@q Copyright 2012-2022 Alexander Shibakov@>
@q Copyright 2002-2014 Free Software Foundation, Inc.@>
@q This file is part of SPLinT@>
@q SPLinT is free software: you can redistribute it and/or modify@>
@q it under the terms of the GNU General Public License as published by@>
@q the Free Software Foundation, either version 3 of the License, or@>
@q (at your option) any later version.@>
@q SPLinT is distributed in the hope that it will be useful,@>
@q but WITHOUT ANY WARRANTY; without even the implied warranty of@>
@q MERCHANTABILITY or FITNESS FOR A PARTICULAR PURPOSE. See the@>
@q GNU General Public License for more details.@>
@q You should have received a copy of the GNU General Public License@>
@q along with SPLinT. If not, see .@>
@** The lexer.
\ifbootstrapmode
\input limbo.sty
\input yystype.sty
\input grabstates.sty
\immediate\openout\stlist=ldl_states.h
\def\MRI{}
\def\ld{}
\fi
The lexer used by \ld\ is almost straightforward. There are a few
facilities (\Cee\ header files, some output functions) needed by the
lexer that are conviniently coded into the \Cee\ code run by the
driver routines that make the lexer more complex than it should have
been but the function of each such facility can be easily clarified
using this documentation and occasionally referring to the manual for
the \bison\ parser which is part of this distribution.
@(ldl.ll@>=
@G
@> @<\ld\ lexer definitions@> @=
%{@> @<\ld\ lexer \Cee\ preamble@> @=%}
@> @<\ld\ lexer options@> @=
%%
@> @ @=
%%
@O
void define_all_states( void ) {
@@;
}
@o
@g
@ @<\ld\ lexer options@>=
@G(fs1)
%option bison-bridge
%option noyywrap nounput noinput reentrant
%option noyy_top_state
%option debug
%option stack
%option outfile="ldl.c"
@g
@ @<\ld\ lexer \Cee\ preamble@>=
@ The file \.{ldl\_states.h} below contains the names of all the start
conditions@^start conditions@> (or states) collected by the bootstrap parser.
@=
#define _register_name( name ) @[Define_State( #name, name )@]
#include "ldl_states.h"
#undef _register_name
@ The character classes used by the scanner as well as
lexer state declarations have been put in the definitions section of
the input file. No attempt has been made to clean up the definitions
of the character classes.
@<\ld\ lexer definitions@>=
@<\ld\ lexer states@>@;
@G(fs1)
CMDFILENAMECHAR [_a-zA-Z0-9\/\.\\_\+\$\:\[\]\\\,\=\&\!\<\>\-\~]
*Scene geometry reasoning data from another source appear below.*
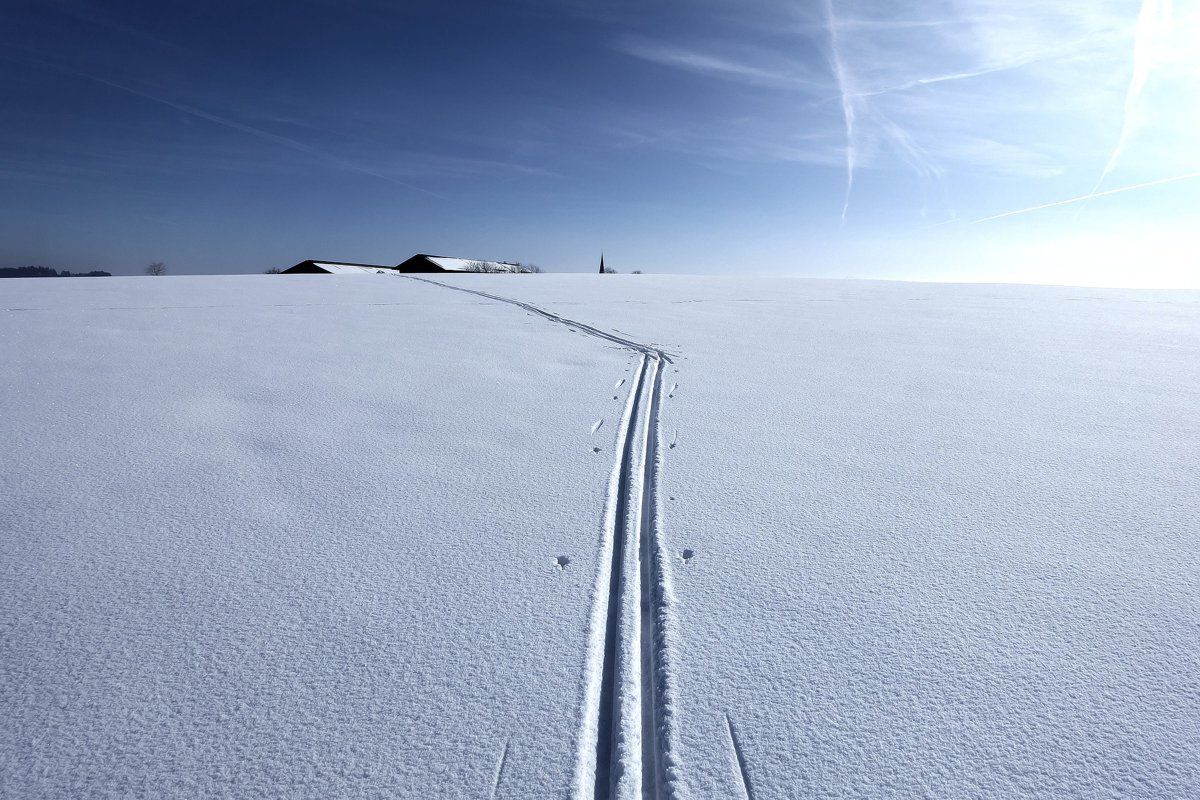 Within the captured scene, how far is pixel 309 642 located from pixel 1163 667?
1.88 m

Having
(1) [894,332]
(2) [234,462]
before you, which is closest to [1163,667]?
(2) [234,462]

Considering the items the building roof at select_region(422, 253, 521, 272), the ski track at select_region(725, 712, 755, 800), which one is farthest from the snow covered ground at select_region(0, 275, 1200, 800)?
the building roof at select_region(422, 253, 521, 272)

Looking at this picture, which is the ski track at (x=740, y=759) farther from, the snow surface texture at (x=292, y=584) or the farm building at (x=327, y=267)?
the farm building at (x=327, y=267)

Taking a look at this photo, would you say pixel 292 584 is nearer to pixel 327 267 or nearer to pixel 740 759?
pixel 740 759

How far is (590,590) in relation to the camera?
5.24ft

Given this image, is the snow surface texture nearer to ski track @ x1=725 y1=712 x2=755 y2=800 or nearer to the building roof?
ski track @ x1=725 y1=712 x2=755 y2=800

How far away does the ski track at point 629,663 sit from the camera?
107 cm

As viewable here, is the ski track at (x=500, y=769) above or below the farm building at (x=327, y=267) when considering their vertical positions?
below

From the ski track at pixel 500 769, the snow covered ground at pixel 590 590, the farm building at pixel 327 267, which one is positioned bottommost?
the ski track at pixel 500 769

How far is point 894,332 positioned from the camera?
6.66 metres

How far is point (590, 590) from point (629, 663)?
0.29 m

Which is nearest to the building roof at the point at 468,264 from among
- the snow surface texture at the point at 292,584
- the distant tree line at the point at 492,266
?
the distant tree line at the point at 492,266

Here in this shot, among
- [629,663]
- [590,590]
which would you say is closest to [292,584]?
[590,590]

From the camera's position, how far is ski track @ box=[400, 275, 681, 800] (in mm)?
1073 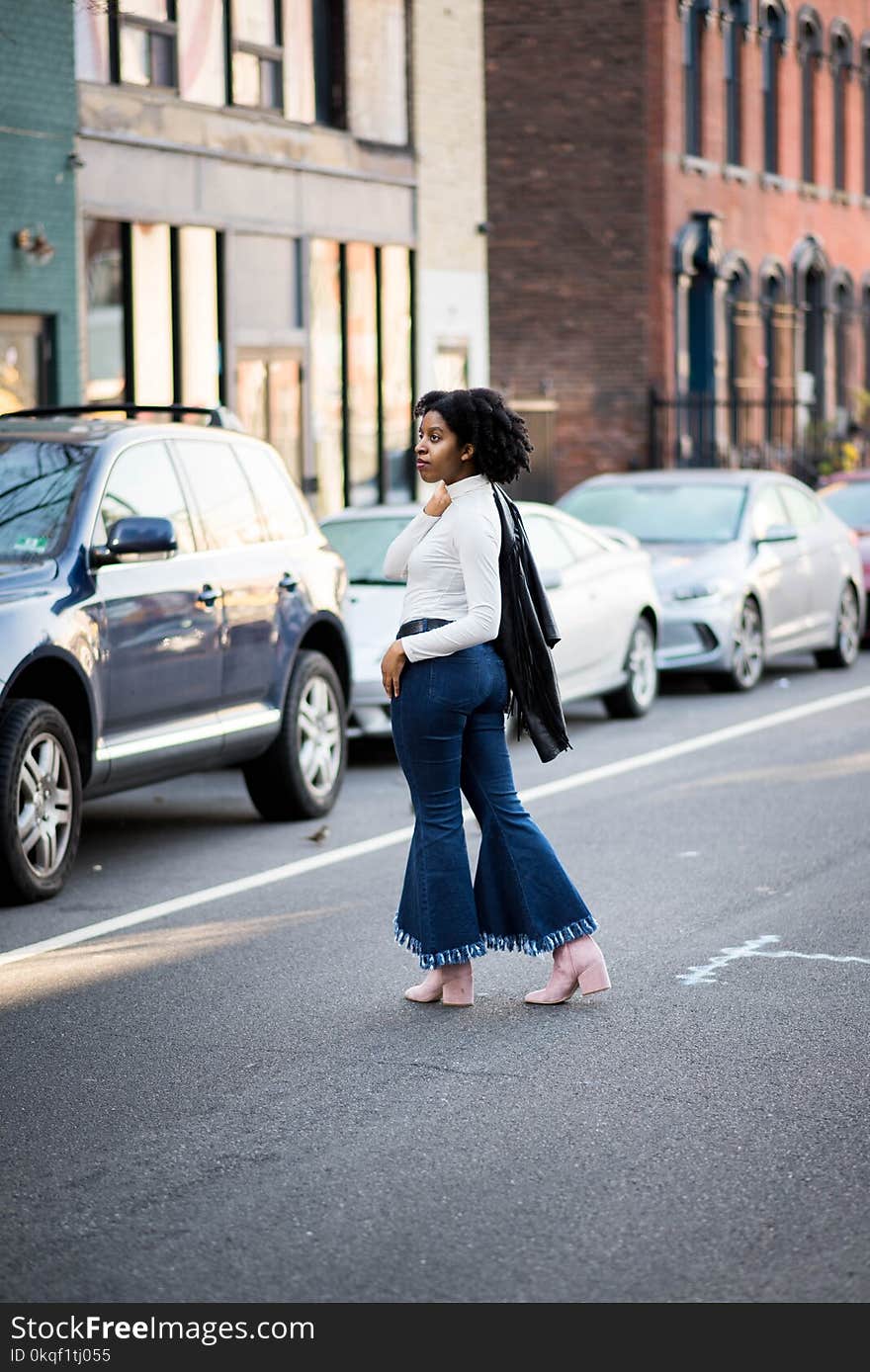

CMDFILENAMECHAR1 [_a-zA-Z0-9\/\.\\_\+\$\:\[\]\\\,\=\&\!\<\>\~]
FILENAMECHAR1 [_a-zA-Z\/\.\\\$\_\~]
SYMBOLCHARN [_a-zA-Z\/\.\\\$\_\~0-9]
FILENAMECHAR [_a-zA-Z0-9\/\.\-\_\+\=\$\:\[\]\\\,\~]
WILDCHAR [_a-zA-Z0-9\/\.\-\_\+\=\$\:\[\]\\\,\~\?\*\^\!]
WHITE [ \t\n\r]+
NOCFILENAMECHAR [_a-zA-Z0-9\/\.\-\_\+\$\:\[\]\\\~]
V_TAG [.$_a-zA-Z][._a-zA-Z0-9]*
V_IDENTIFIER [*?.$_a-zA-Z\[\]\-\!\^\\]([*?.$_a-zA-Z0-9\[\]\-\!\^\\]|::)*
@g
@ The lexer uses different sets of rules depending on the context and the current state.
These can be changed from the lexer itself or externally by the parser
(as is the case in \ld\
implementation). \locallink{stateswitchers}Later\endlink, a number of
helper macros implement state switching so that the state names are
very rarely used explicitly. Keeping all the state declarations in the
same section simplifies the job of the
\locallink{bootstrapstates}bootstrap parser\endlink, as well.
\ifbootstrapmode\immediate\openout\stlist=ldl_states.h\fi
@<\ld\ lexer states@>=
@G(fs1)
%s SCRIPT
%s EXPRESSION
%s BOTH
%s DEFSYMEXP
%s MRI
%s VERS_START
%s VERS_SCRIPT
%s VERS_NODE
@g
@*1 Macros for lexer functions.
The \locallink{pingpong}state switching\endlink\ `ping-pong' between the lexer and the parser aside,
the \ld\ lexer is very traditional. One implementation choice
deserving some attention is the treatment of comments. The
difficulty of implementing \Cee\ style comment scanning using regular
expressions is well-known so an often used alternative is a
special function that simply skips to the end of the comment. This is
exactly what the \ld\ lexer does with an aptly named |comment()|
function. The typesetting parser uses the \.{\\ldcomment} macro for
the same purpose. For the curious, here is a \flex\ style regular
expression defining \Cee\ comments\footnote{Taken from W.~McKeeman's site
at
\url{http://www.cs.dartmouth.edu/~mckeeman/cs118/assignments/comment.html} and
adapted to \flex\ syntax. Here is the same regular expression pretty printed by
\splint: \flexrestyle{"/*"("/"`[\^*/]`"*"+[\^*/])*"*"+"/"}}:
$$
\hbox{\.{"/*" ("/"\yl[\^*/]\yl"*"+[\^*/])* "*"+ "/"}}
$$
This expression does not handle {\it every\/} practical situation,
however, since it assumes that the end of line character can be
matched like any other. Neither does it detect some often made
mistakes such as attempting to nest comments. A few minor
modifications can fix this deficiency, as well as add some error
handling, however, for the sake of consistency, the approach taken
here mirrors the one in the original \ld.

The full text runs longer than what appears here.